El presidente se defiende atacando a Europa: «EE.UU. no será un campo de migrantes»


Nueva York / Colpisa

La tormenta que ha desatado la política de separación de padres e hijos en la frontera engulló ayer al Gobierno de Trump, que reaccionó al ataque, como mejor sabe, armado de mentiras, y con una nueva embestida contra Angela Merkel. El presidente de EE.UU. acusó a los demócratas de la dinámica que su propio fiscal general anunció el 7 de mayo. Desde ese día, más de 2.000 niños han sido separados de sus familias por la fuerza.

«No queremos que lo que está pasando en Europa nos pase a nosotros», añadió Trump. Antes se había despachado a gusto en Twitter con la «débil» coalición de Gobierno germano. «La criminalidad en Alemania está subiendo», tuiteó, pese a que las cifras oficiales dicen lo contrario. En un informe publicado ene mayo, el propio ministro del Interior, Horst Seehofer, se congratulaba de que en el 2017 se registró en Alemania el nivel más bajo de criminalidad desde 1992.

La indignación que han generado los testimonios de congresistas que han visitado a las madres dolientes culminó ayer con la voz serena de la ex primera dama Laura Bush, a la que los estadounidenses no están acostumbrados a oír hablar de política. Solo que, como dijo ayer mismo Hillary Clinton, no hace falta ser padre o haber tenido alguna vez un niño en brazos para dolerse. «Cualquier ser humano con un mínimo de compasión y decencia debería estar indignado», añadió.

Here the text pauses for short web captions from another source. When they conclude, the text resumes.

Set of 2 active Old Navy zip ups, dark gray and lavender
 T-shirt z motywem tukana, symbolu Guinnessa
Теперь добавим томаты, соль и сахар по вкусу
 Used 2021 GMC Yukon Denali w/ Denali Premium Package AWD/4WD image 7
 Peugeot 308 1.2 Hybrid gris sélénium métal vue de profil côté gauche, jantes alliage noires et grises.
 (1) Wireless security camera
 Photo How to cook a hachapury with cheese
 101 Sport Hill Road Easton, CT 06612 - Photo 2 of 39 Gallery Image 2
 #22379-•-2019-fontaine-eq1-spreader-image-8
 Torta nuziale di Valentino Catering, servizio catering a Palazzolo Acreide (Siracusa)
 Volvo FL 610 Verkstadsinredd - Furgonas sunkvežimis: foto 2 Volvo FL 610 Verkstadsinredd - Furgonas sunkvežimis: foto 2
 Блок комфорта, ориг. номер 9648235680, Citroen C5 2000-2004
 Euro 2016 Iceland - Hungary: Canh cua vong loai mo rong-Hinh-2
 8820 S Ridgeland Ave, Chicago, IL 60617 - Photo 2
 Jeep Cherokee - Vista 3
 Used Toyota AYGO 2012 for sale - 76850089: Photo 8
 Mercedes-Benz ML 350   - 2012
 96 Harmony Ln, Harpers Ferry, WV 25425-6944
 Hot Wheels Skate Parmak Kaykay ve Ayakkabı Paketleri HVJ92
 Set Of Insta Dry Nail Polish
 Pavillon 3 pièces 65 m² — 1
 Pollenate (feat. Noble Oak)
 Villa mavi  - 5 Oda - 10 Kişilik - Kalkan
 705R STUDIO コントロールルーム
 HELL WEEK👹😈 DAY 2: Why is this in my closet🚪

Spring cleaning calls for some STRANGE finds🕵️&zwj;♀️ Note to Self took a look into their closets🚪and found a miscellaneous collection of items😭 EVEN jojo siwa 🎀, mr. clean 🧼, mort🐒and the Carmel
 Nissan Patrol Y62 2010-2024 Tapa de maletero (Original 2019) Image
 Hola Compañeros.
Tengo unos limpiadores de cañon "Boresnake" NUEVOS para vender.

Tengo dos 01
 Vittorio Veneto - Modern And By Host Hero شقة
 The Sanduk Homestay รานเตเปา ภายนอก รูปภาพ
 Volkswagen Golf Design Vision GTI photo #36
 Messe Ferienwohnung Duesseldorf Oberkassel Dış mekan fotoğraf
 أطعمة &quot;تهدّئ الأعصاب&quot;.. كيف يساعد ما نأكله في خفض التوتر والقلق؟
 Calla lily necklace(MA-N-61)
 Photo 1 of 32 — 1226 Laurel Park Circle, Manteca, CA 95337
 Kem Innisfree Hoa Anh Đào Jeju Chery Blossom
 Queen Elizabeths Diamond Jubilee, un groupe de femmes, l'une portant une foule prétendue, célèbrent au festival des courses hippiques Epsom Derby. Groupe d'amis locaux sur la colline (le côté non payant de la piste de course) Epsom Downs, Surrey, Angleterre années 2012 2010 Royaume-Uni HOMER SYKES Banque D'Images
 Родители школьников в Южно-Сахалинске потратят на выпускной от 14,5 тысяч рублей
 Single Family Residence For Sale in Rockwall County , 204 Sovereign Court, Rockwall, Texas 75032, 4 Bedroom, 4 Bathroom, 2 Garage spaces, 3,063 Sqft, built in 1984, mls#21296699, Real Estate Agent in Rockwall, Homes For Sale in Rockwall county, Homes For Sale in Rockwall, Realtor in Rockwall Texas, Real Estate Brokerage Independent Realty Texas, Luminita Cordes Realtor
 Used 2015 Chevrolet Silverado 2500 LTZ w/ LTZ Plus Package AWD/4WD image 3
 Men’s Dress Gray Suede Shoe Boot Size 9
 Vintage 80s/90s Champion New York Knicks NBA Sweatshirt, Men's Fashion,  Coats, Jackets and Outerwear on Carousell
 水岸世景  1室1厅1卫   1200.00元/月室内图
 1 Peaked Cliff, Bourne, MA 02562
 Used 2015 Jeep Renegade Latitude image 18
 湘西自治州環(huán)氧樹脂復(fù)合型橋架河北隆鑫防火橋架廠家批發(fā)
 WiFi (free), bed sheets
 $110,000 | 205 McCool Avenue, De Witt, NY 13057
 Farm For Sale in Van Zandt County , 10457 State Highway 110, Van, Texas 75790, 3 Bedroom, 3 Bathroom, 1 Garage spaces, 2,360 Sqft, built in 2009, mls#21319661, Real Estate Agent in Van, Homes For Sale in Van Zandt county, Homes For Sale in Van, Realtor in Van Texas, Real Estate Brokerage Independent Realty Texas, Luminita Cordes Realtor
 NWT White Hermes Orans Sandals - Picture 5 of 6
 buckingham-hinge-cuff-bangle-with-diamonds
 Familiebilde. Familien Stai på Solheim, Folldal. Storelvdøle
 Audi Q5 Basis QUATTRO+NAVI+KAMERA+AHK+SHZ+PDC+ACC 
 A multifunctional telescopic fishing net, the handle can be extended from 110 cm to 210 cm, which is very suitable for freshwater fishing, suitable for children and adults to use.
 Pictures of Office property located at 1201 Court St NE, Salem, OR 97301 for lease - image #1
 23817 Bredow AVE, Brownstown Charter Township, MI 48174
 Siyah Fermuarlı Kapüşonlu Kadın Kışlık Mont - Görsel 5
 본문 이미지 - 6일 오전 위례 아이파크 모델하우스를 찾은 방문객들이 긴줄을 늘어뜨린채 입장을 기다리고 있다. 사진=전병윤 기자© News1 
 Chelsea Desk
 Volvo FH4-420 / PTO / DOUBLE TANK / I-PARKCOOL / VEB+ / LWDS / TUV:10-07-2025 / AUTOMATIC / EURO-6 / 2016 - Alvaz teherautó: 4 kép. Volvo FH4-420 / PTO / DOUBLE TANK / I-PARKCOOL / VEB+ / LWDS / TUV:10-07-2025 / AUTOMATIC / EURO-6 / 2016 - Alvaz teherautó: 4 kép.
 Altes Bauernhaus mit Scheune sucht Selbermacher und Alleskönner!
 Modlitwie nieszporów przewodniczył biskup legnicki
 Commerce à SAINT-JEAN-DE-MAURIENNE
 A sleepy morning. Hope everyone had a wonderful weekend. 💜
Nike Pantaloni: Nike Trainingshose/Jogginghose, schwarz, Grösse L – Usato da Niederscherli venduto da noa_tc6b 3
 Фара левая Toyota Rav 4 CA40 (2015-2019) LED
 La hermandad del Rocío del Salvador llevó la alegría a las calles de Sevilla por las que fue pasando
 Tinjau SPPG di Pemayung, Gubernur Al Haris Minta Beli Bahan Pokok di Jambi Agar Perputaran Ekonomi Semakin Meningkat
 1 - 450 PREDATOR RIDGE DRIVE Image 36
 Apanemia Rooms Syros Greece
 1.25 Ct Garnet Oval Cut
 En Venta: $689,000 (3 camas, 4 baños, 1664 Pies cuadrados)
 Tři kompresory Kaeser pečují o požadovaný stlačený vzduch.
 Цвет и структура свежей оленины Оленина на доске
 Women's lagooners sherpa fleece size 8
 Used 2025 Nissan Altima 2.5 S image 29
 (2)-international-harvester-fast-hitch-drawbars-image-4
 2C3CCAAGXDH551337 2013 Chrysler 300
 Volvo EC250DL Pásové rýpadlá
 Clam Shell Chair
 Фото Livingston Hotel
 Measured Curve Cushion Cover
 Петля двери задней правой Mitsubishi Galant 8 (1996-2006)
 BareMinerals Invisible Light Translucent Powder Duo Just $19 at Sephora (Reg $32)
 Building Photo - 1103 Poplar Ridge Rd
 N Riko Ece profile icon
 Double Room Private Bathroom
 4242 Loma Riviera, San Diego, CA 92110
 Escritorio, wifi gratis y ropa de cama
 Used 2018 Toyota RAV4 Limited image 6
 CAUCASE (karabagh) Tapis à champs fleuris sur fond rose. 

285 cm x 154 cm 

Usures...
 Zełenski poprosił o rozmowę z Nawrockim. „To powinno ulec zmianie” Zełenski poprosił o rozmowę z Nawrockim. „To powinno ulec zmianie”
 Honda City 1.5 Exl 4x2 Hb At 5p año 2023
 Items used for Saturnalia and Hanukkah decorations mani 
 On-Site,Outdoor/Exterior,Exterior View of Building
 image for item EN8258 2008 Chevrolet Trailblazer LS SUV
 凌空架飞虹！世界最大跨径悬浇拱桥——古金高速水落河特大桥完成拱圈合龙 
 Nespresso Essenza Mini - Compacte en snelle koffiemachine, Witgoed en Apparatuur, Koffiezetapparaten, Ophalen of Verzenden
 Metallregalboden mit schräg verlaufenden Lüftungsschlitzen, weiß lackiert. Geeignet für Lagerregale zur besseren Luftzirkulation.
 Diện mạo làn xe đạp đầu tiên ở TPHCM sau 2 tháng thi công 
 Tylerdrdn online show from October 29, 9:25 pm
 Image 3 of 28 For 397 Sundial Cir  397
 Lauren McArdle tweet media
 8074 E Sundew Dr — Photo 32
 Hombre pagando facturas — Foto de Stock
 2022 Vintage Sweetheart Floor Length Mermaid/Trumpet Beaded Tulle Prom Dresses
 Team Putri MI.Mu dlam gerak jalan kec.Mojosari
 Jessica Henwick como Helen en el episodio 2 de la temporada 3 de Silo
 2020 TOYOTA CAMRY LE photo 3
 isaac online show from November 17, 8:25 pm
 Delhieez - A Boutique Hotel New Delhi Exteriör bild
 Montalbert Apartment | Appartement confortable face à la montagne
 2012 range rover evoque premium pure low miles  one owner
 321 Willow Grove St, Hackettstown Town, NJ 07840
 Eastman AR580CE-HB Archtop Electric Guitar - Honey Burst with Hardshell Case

Las historias de horror en los centros de detención no tienen fin. Madres a las que le arrebataron sus bebés por la fuerza mientras les daban el pecho. Padres que se han colgado en su celda, impotentes por haber perdido a sus hijos después de mantenerlos a salvo durante la peligrosa travesía por todo México y Centroamérica. Madres que les dejaron ir para que les dieran un baño, pero no volvieron a verlos ni después de ser deportadas. El drama es dantesco. «Espantoso», en palabras de Clinton. «Inmoral», en las de Bush.

La voz de Clinton era necesaria, sobre todo en el descabellado momento en el que el presidente de la posverdad culpa de esta crueldad a una supuesta ley de los demócratas que no existe, como puntualizó la ex primera dama, pero no pudo competir con el impacto de su sucesora. Es Laura Bush quien se ha alzado como la voz de la conciencia dentro de su propio partido, un día después de que las arbitrarias detenciones salpicaran el Día del Padre en EE.UU. con historias para no dormir. La esposa de George W. Bush, madre y abuela, se ubicó entre los «millones» de estadounidenses que ven con horror las imágenes de niños separados de sus padres. «Una auténtica crueldad», escribió en una columna de opinión publicada en The Washington Post, el periódico más combativo de la era Trump. «Me rompe el corazón», confesó. 

En su búsqueda de excusas, mentiras y desmentidos, el Gobierno ha llegado a apoyarse en la Biblia para aplicar estas políticas. Algo que el sacerdote jesuita James Martin, director de la revista católica America Magazine, considera «demente».

A Trump no le importa .Con esta ola de clamor intenta forzar a la oposición a aceptar una reforma migratoria que le aporte fondos para construir el muro que ha prometido a sus bases. Los demócratas se niegan a aceptar cualquier ley que deje fuera a los 700.000 jóvenes conocidos como «soñadores» a los que Barack Obama ofreció una residencia legal. Sin retroceder un paso, el presidente juró ayer que bajo su mandado «EE.UU. no será un campamento de migrantes ni instalaciones para refugiados».